_EXTRACTED RECORDS_:
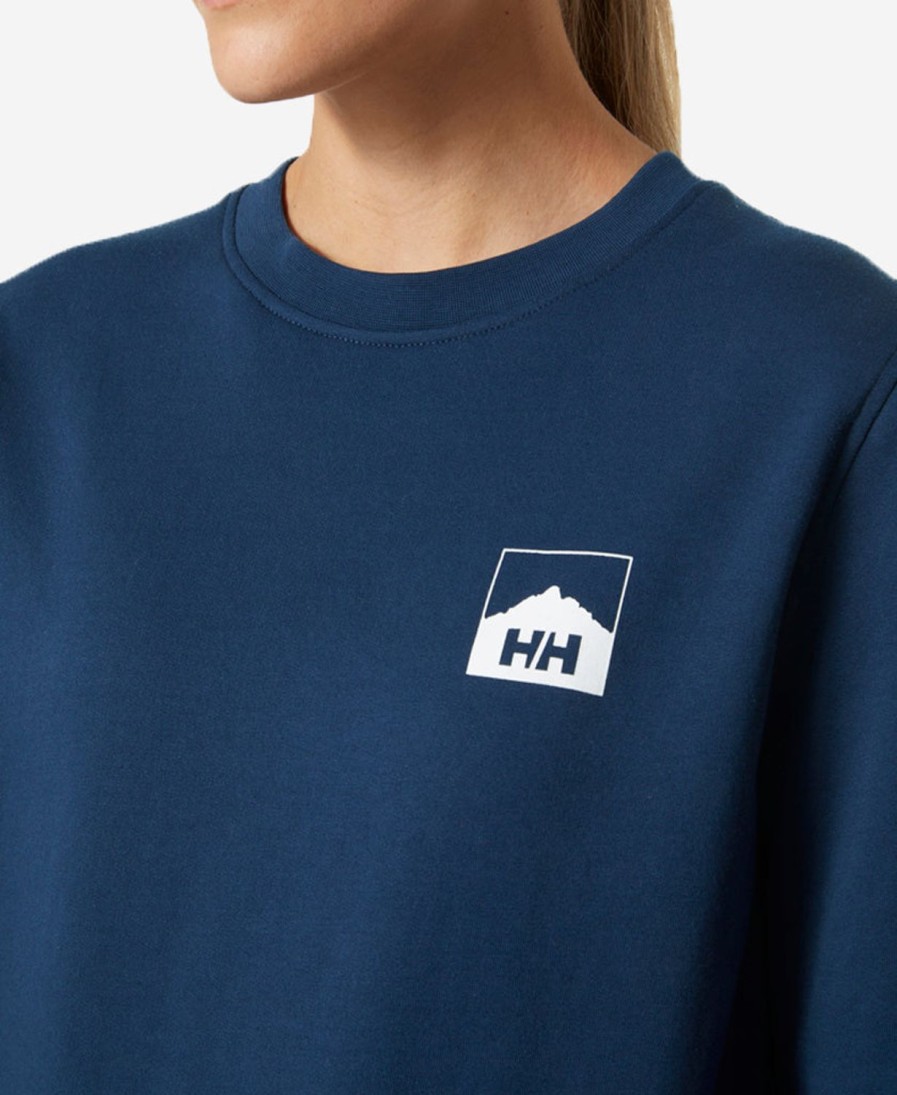 Helly Hansen W Nord Graphic Sweatshirt 584-Ocean Best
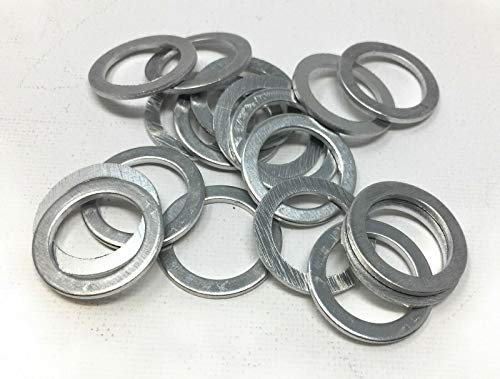 5 x ALU-Dichtring Sortiment Aluminium Dichtungsring Satz O-Ring nach Auswahl DIN Dichtung Gummi (6x12x1 mm)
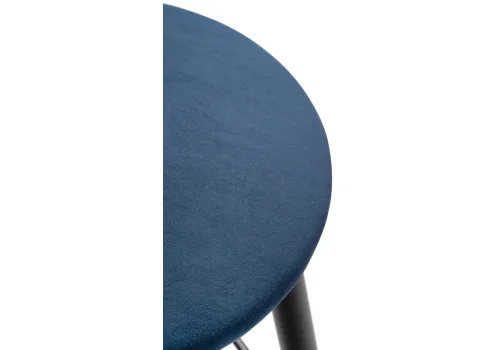 Барный стул Гангток темно-синий / черный матовый 469983 Woodville, синий/велюр, ножки/металл/чёрный, размеры - ****370*370 фото 3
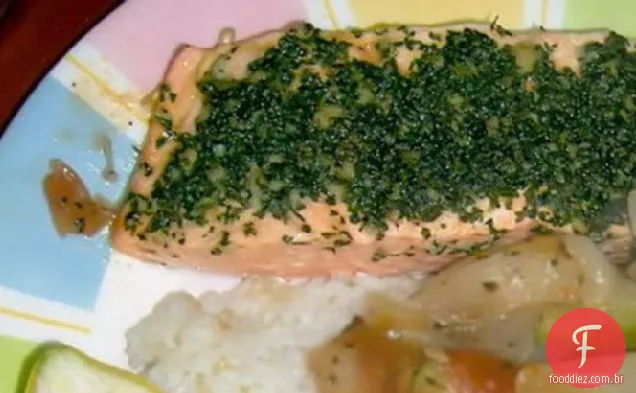 Cominho Coentro Crusted Salmão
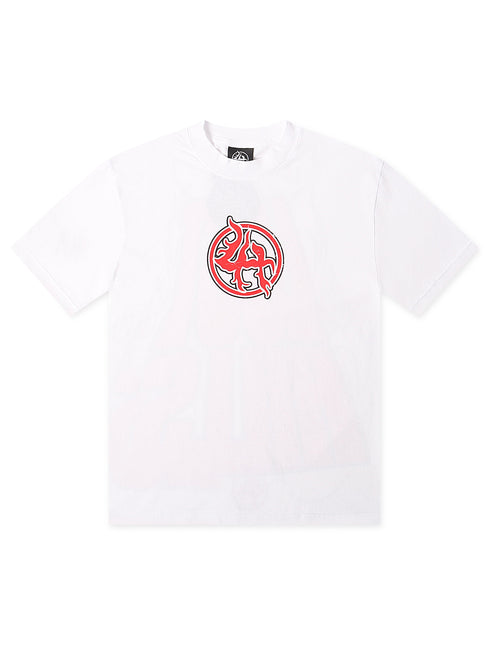 Lost Hills Flame Logo Heavyweight Tee - White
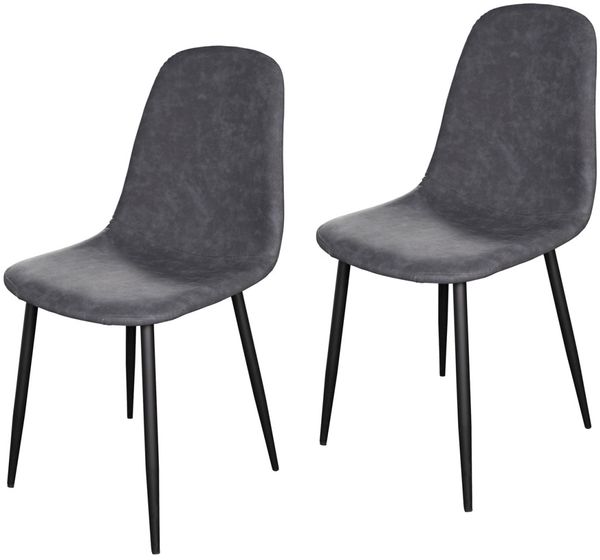 HTI-Living Savannah PU 2er-Set Stuhl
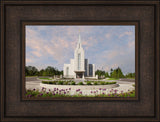 Vancouver BC Temple - Purple Flowers by Robert A Boyd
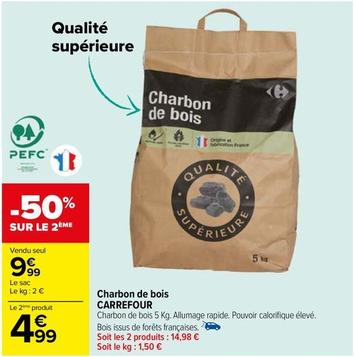 Carrefour - Charbon De Bois offre à 9,99€ sur Carrefour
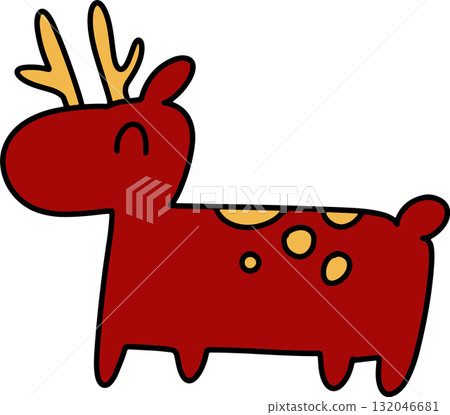 The Christmas drawing for Celebration or holiday concept. The Christmas drawing for Celebration or holiday concept. 132046681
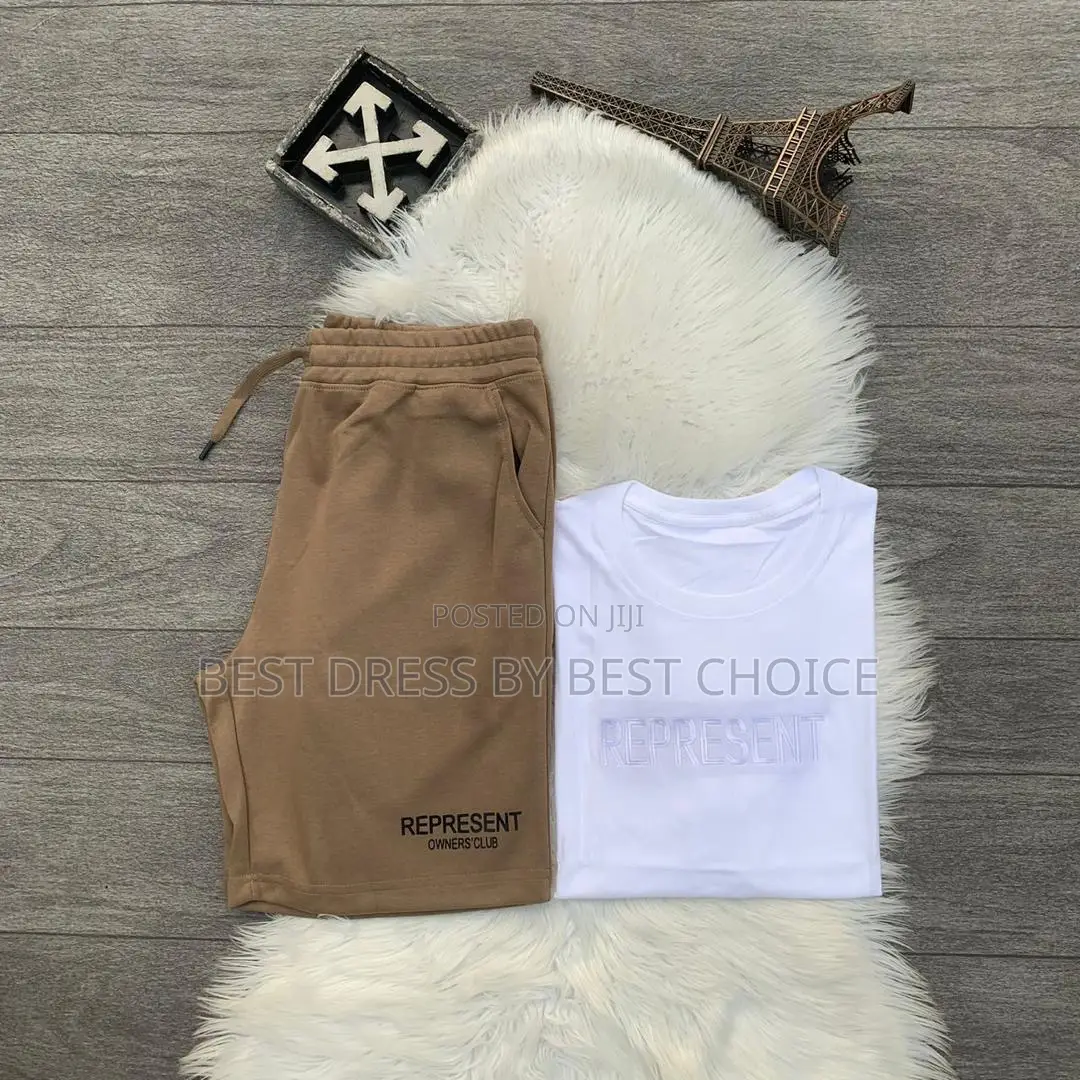 Represent Embroidered T-Shirt X Represent Short Available.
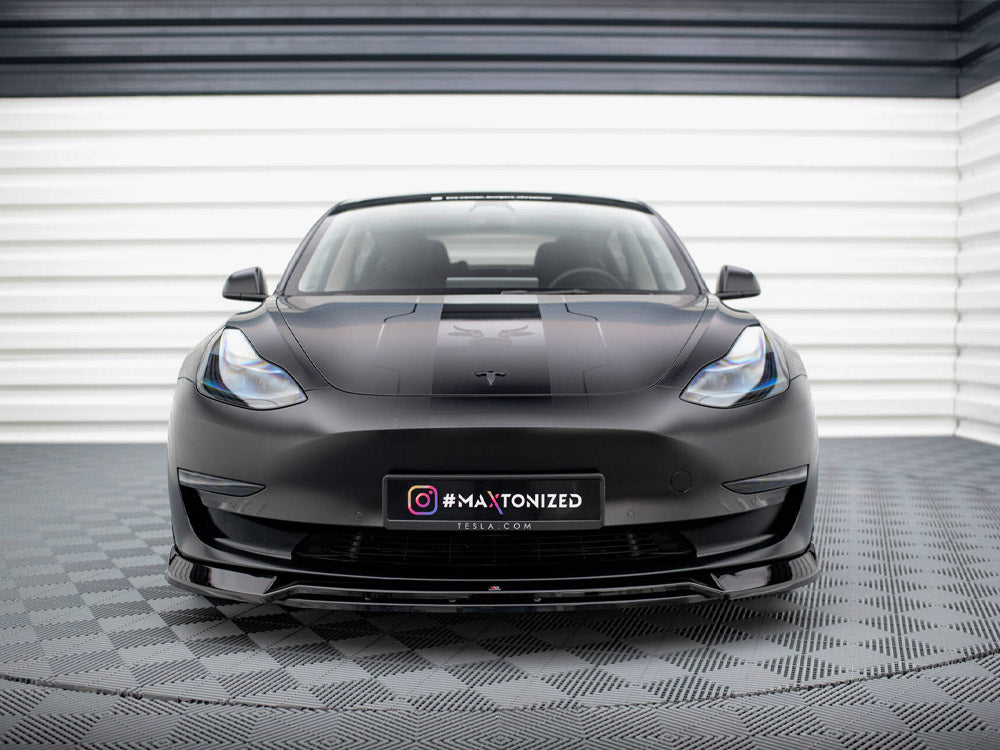 Maxton Design Street Plus Front Splitter V3 - Tesla Model 3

_WHAT NEEDS TO BE DONE_:
The lines needed run from the first line of the records through the line containing "Барный стул Гангток", both included. Restate them word for word, without pictures.

_ANSWER BELOW_:
 Helly Hansen W Nord Graphic Sweatshirt 584-Ocean Best
 5 x ALU-Dichtring Sortiment Aluminium Dichtungsring Satz O-Ring nach Auswahl DIN Dichtung Gummi (6x12x1 mm)
 Барный стул Гангток темно-синий / черный матовый 469983 Woodville, синий/велюр, ножки/металл/чёрный, размеры - ****370*370 фото 3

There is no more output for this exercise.